Holi (full moon in March/variable): India’s festival of spring and color. Officially one day; practically several days of celebration in the north. March Holi falls around March 13–14 in most years.

Shivratri (variable, February or March): One of Hinduism’s most important festivals, dedicated to Shiva. Major celebrations at temples across the country — particularly at Varanasi’s Ghats and Pashupatinath in Nepal (easily accessible from Varanasi).

Elephant Festival, Jaipur (Holi day): Jaipur runs an elephant festival on the day of Holi, with decorated elephants, traditional costumes, and cultural performances at the Chowgan grounds.

Practical Tips

Holi protection: wear old clothes you don’t mind permanently staining. Cover cameras with zip-lock bags or leave them at the hotel. The color is water-soluble but stains fabric permanently.

Post-Holi, the international tourist tide in Rajasthan recedes significantly. Late March into April has Rajasthan’s sites with far fewer visitors — a tradeoff against increasing temperatures.

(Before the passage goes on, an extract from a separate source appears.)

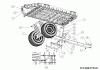 MTD Accessories Trolly / Pushcart Hauler 19A40026100 (2017) Listas de piezas de repuesto y dibujos Drawbar, Wheels, Bracket bed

Kerala hill stations are genuinely more comfortable than Kerala’s coast in March — the 1,000–1,600m altitude means temperatures 10°C cooler than Kochi or Thiruvananthapuram.

Who March Is For

Anyone who has Holi on their India list — this is the month. Travelers combining a North India cultural itinerary with a South India cooler-altitude nature segment. People who want Rajasthan’s great sites with fewer tourists, willing to accept warmer temperatures. And budget travelers: prices are notably lower than January–February by mid-to-late March.